Senate Republican Deputy Leader Sue Rezin (R-Morris), State Senator Don DeWitte (R-St. Charles) and State Senator Seth Lewis (R-Bartlett) say many special financial deals have been provided to Chicago Public Schools in recent years that other schools don’t receive. They also note that many more schools district throughout Illinois face far worse financial challenges.

“I am a strong supporter of investing in our public schools which is why I had an active role in the bipartisan Evidence-Based Funding formula that I voted for seven years ago. EBF took years of hard work and negotiations from countless advocates and stakeholders and ensured that no school district was a winner or loser.

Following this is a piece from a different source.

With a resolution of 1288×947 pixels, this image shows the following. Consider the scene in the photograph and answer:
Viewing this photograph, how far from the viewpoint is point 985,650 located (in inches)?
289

Every district was guaranteed the same level of funding that they received before EBF was implemented,” Rezin said. “The law was designed to provide a roadmap to get all schools in Illinois to adequacy.”

Under the Evidence-Based Funding (EBF) model, school districts are broken into a four-tier system with Tier One school districts being those that have the greatest need for new state funding to adequately educate their students. Since the funding formula was passed, and with additional state support, CPS has already moved up to Tier 2.

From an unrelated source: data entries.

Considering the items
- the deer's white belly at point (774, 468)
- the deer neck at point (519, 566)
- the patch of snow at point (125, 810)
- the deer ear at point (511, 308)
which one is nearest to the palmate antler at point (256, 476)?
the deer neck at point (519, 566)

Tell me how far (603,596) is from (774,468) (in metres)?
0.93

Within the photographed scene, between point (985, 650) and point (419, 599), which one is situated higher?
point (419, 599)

Senator DeWitte said that for many years, CPS has received a disproportionate share of the state’s education resources through special carve-outs and unique grants, such as hundreds of millions from the Chicago Block Grant that was written into the CPS base as part of the formula.

 “Very little surprises me any more in this Capitol building but knowing how the scales have been tipped in CPS’s favor with regard to funding over the years, it is simply outrageous for the Mayor and now for the Chicago Teacher’s Union to come down here and try to bully lawmakers into money they claim they are being shortchanged,” DeWitte said. “These funding extras were grandfathered in and built into CPS’s new revenue streams. Yet there are more than 300 Tier 1 school districts all over the state that the formula says have greater need than the Tier 2 CPS. The needs of the Tier 1 schools that are ahead of CPS in line are no less important. Their students, teachers, and families are no less valuable.”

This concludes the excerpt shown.